◆ TASK ◆
Your copy should repeat the data that follows exactly and contain no image.

◆ DATASET EXCERPT ◆
--- START ---
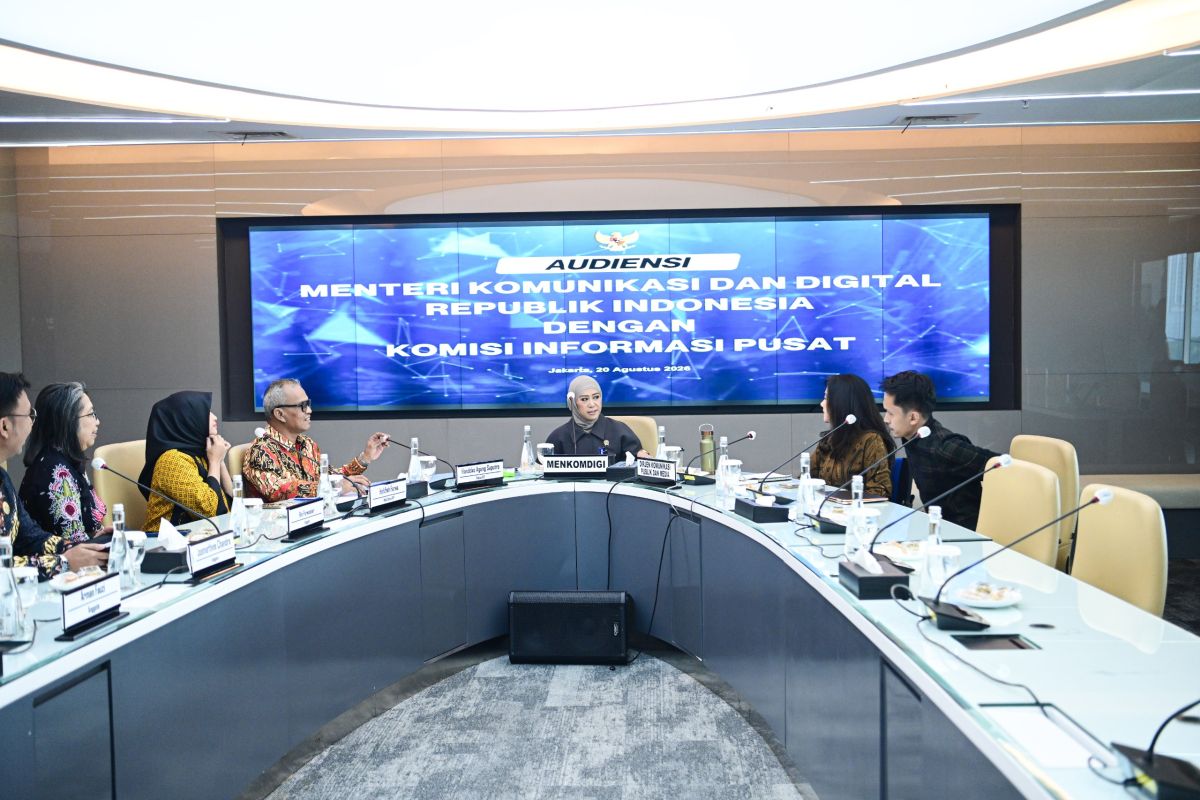 Minister Meutya asks Central Information Commission to maintain public trust in information disclosure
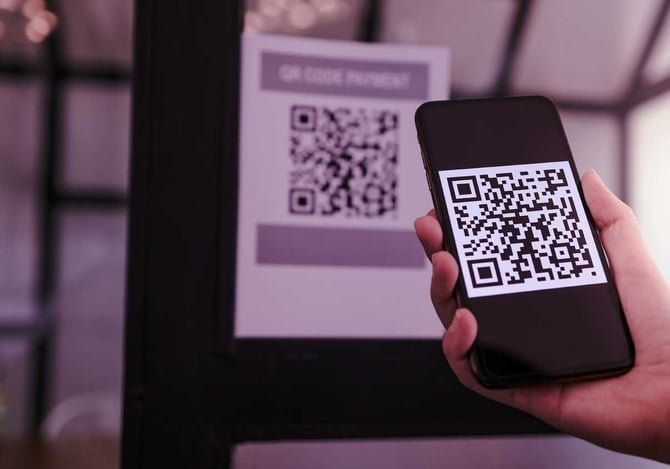 Celular com qr code na tela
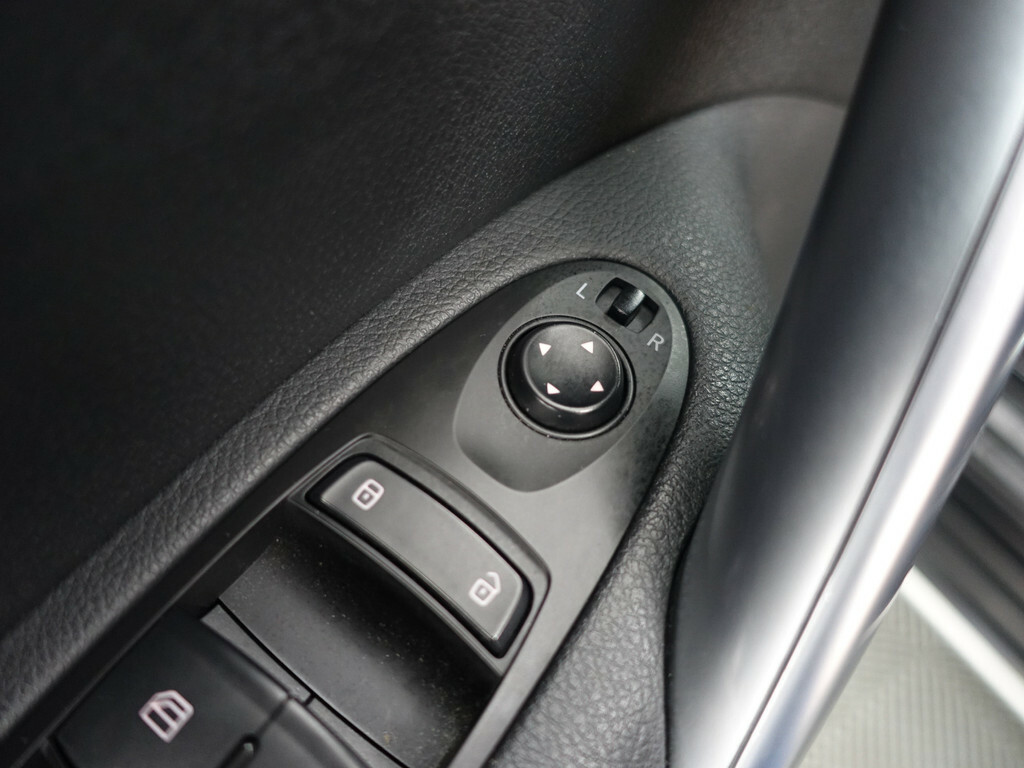 Mercedes-Benz X-Klasse 250d 4-MATIC AMG Line Prestige - Dubbele Cabine 5 Pers - 360 Camera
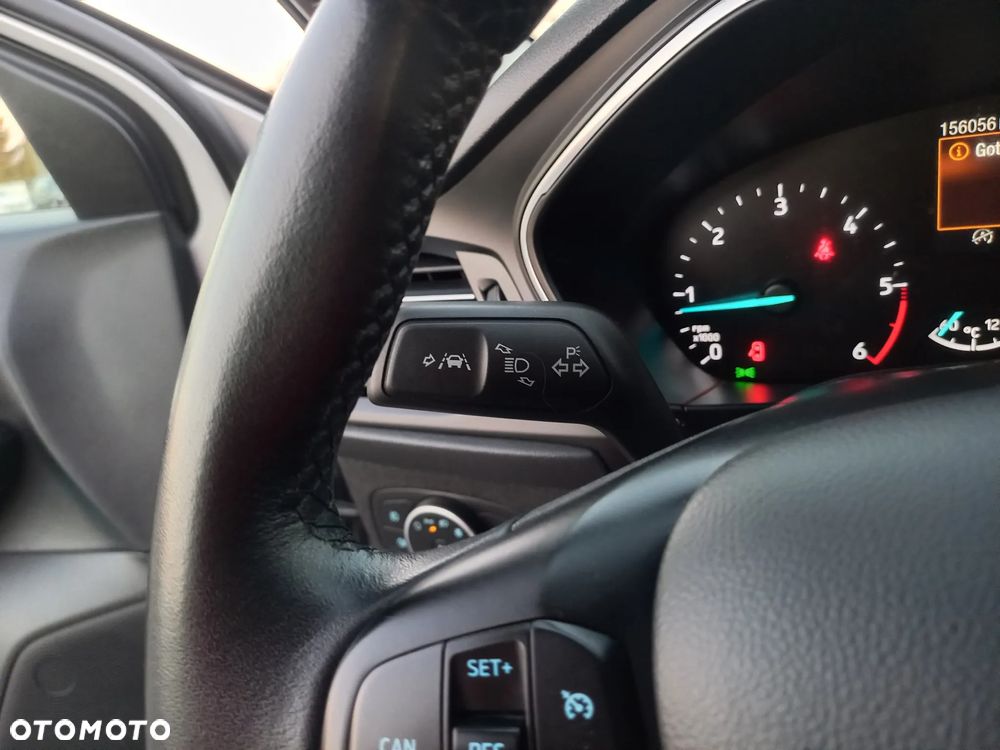 Ford Focus 1.5 EcoBlue Start-Stopp-System TITANIUM - 24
--- END ---
◆ SOLVED EXERCISE ◆
 Minister Meutya asks Central Information Commission to maintain public trust in information disclosure
 Celular com qr code na tela
 Mercedes-Benz X-Klasse 250d 4-MATIC AMG Line Prestige - Dubbele Cabine 5 Pers - 360 Camera
 Ford Focus 1.5 EcoBlue Start-Stopp-System TITANIUM - 24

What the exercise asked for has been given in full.